The Princeton Council voted, 6-0, Monday to have the town become an “intervener” in a federal application a major pipeline company has filed to lay a new pipeline through Princeton and other

By Philip Sean Curran, Staff Writer
   The Princeton Council voted, 6-0, Monday to have the town become an “intervener” in a federal application a major pipeline company has filed to lay a new pipeline through Princeton and other parts of New Jersey and Pennsylvania.
   By becoming a party in the case, Princeton will have rights that include being able to appeal a decision by the Federal Energy Regulatory Commission, the body that must decide whether to allow Oklahoma-based Williams to go ahead with the project.
   Williams, having filed its application with FERC Sept. 30, wants to lay around 28 miles of new pipeline to increase its capacity to transport natural gas from the Marcellus Shale in Pennsylvania to its customers.

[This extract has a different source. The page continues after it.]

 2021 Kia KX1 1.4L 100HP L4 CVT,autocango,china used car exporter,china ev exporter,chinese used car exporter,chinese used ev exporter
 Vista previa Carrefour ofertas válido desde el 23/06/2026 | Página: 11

The company wants to upgrade compressor stations as well.
   The extension through Princeton would run for 1.2 miles, through the “environmentally sensitive Princeton Ridge,” according to the resolution the council passed Monday. Neighboring Montgomery is also in the path of the expansion.

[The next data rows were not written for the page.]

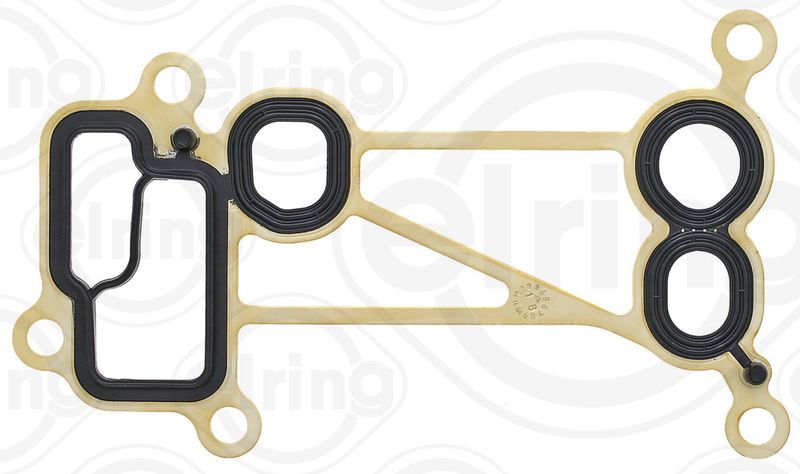 ELRING 582.951 Gasket, oil cooler
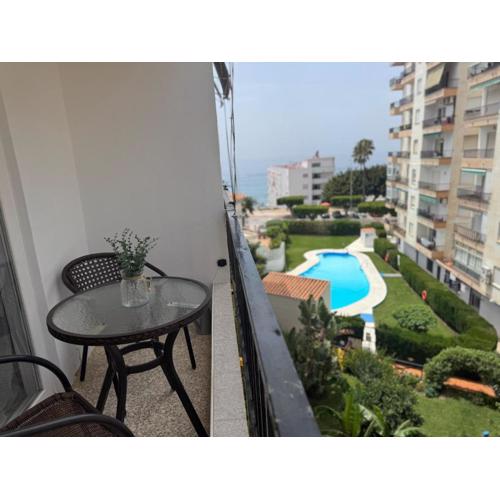 Apartamento albaida 3g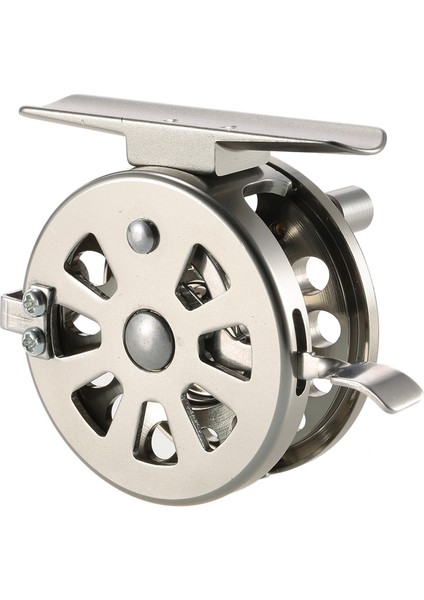 Sağ El Kolu Için Düz Akışlı Alüminyum Alöjli Uçurtma Balık Tutma Makarası (Yurt Dışından) indirimleri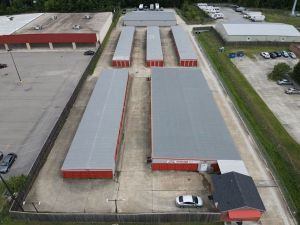 Photo of Red Door Storage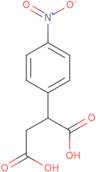 4-Nitrophenylsuccinic acid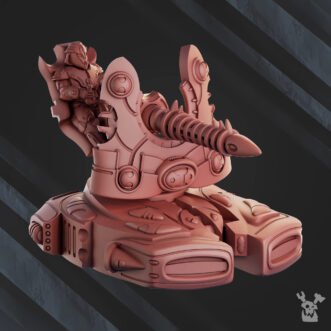 STAR ALVES ASTROSHATTER HW PLATFORM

   Aside from carrying the right to appeal, intervener status allows Princeton to review all documents from all the parties in the case and participate in hearings before FERC. The application process takes anywhere from eight to 10 months, Williams has said.
   Based on its time line, Williams has said it wants to start working on the compressor station portion of the project next fall, followed by pipeline work in spring 2015.
   Mayor Liz Lempert said Wednesday that if the project goes through, it would carry “significant” health and environmental risks. She supports becoming a party to the process.
   ”Clearly Princeton Township has a keen interest in the project and filing for intervention status is another formal channel for them to remain closely engaged,” said Williams spokesman Christopher L. Stockton in an email Thursday. “We’ve developed and maintained a constructive dialogue with the township and believe we’ve taken prudent steps to address many of their concerns. We’re committed to continuing to work closely with the township as the project progresses through the federal review process.”
   Williams, headquartered in Tulsa, already owns an existing pipe that goes through Princeton. Some have raised safety concerns about crews doing work on the expansion while the existing pipeline is in use.
   But Williams is seeking permission to shut down its current pipeline in Princeton while the extension is installed, according to an Oct.10 memo that town attorney Edwin W. Schmierer provided Mayor Lempert and the council.
   Barb Blumenthal, a Princeton resident who is president of the nonprofit Princeton Ridge Coalition, said Thursday that it was important to have the town become an intervener, but added it is “equally” important the individual residents do likewise. She said especially for those who have property near the pipeline, they would have no standing to challenge a decision by FERC if they do not become an intervener.
   She said if Williams ever wanted to change the route of the pipeline, impacted property owners would be unable to challenge that decision unless they become an intervener before an Oct. 31 deadline.
   ”It’s a simple step to preserve your rights,” she said.
   Williams has tried to work with the community.
   In his memo, Mr. Schmierer wrote that Williams “reduced substantially the area of disturbance on the Princeton Ridge and recently informed us that none of the Princeton open space will be impacted.”